After this film’s long and tumultuous journey through developmental hell(or should I say limbo), it feels almost surreal to have been able to watch The New Mutants in real life. Starring young talents such as Anya Taylor-Joy, Maisie Williams, Blu Hunt, Charlie Heaton, and Henry Zaga as the titular New Mutants the film delves into the origins of these characters while pitting them against manifestations of their biggest fears.
I am the first to admit that I am intrinsically biased towards this film. So many facets of it feel like they were made to appeal directly to my specific tastes, with Anya Taylor-Joy playing my favorite comic book character, The New Mutants being the first comics I ever read, even down to the subversion of styles for a more Coming-of-age/horror film. I have been waiting with bated breath for this film’s release ever since that first trailer back in 2017, so feel free to take what I have to say with a rather sizeable pinch of salt.
The decision to turn Magik into a racist internal antagonist is a decision I just cannot get behind. A character with as much depth and importance to the New Mutants comics, as well as a close relationship with Dani herself, was rewritten as a 2-dimensional mean girl for at least the first third of the film. Beyond my personal love for the character and anger at her misrepresentation in this way, it is simply unnecessary and comes off as an attempt to ‘prove the film’s edginess‘ with no real conclusion. While the film in no way plays her actions towards Dani as acceptable, the inclusion, to begin with, is utterly unnecessary. When this needless antagonism is dropped, Illyana seems to transform into the character many comic book fans have come to love. Taylor-Joy portrays the character with the much-needed depth she deserves(when the writing allows her to that is) and exemplifies just how great her role could have been had the writing team not wasted their time and energy turning her into an insensitive bully.

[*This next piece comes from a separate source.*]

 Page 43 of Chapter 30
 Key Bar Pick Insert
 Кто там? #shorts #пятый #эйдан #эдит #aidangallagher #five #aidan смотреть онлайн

Contrary to many other reviews out there, I feel the blend of campy horror reminiscent of the early slasher films, with the coming-of-age storytelling, worked exceptionally well for the film, putting into perspective just how young and naive these characters are and allowing for the humanity of these characters to really shine through. Illyana is a mean girl until we see her drawing with crayons or talking to a puppet, Roberto is a pompous rich boy until we see his desire for interpersonal connections, etc. This allows for the audience to see the characters outside of the perspective Dr. Reyes has been painting them to be. They are not just violent killing machines, but children.
The way Dani’s powers manifested for the film worked well for the plot. While it does diverge slightly from the comics, a 90 minute run time is hardly enough to establish and explain some of the wilder aspects of these characters’ abilities(but more on that later). Dani’s psionic abilities manifesting the darkest fears of those around her is a fantastic premise to build a superhero film about, especially one starring far lesser-known characters than what the average movie-goer is used to seeing. Watching these young characters forced to relive some of their greatest traumas is where the film really excels, dealing with serious subject matters sensitively and with an artistic gaze that avoids romanticizing tragedy. Some of the best cinematic scenes in this film take place during these scenes where the New Mutants are reliving their traumas, specifically Charlie Heaton’s scene reliving the death of his father in the mines, the scene is void of dialogue with just the sound of picks and the harsh, unforgiving lights of the miners’ hard hats.
While not quite as visually powerful, Magik’s flashback to the Smiley Men and her abuse at their hands is an interesting departure from the source material that works significantly better within the context the film creates. The character of Magik(AKA Illyana Rasputin) has one of the most complex and fantastical origin stories within the X-Men universe involving being kidnapped by a demon, held captive, and eventually becoming Queen of Limbo(For More on Magik’s backstory check out our article here). This incredibly complex character is difficult to whittle down from a cinematic standpoint, let alone in a film that centers around an ensemble cast. This allows for Magik’s origins to be altered for the sake of narrative cohesion and I personally think it works rather well. While I would have loved to see her use her teleportation discs(or teleporting in general) more throughout the film, overall her character’s origin and powers have been made to fit within the overarching scale of the film, while also sticking to the essence of the character.
Some pettier gripes I had with the film have to do with inconsistent accents and some moments of CGI that look thoroughly unready for release, but these pedantic issues feel outweighed by the actors’ strong performances and the delicate and caring way the relationship between Dani and Rahne develops(something I was expecting to be little more than a cameo given how reluctant studios are to develop strong queer relationships).
Josh Boone’s The New Mutants may not be the masterpiece some diehard fans like myself have hoped for, but the film is certainly a fun and fresh addition to the X-Men canon.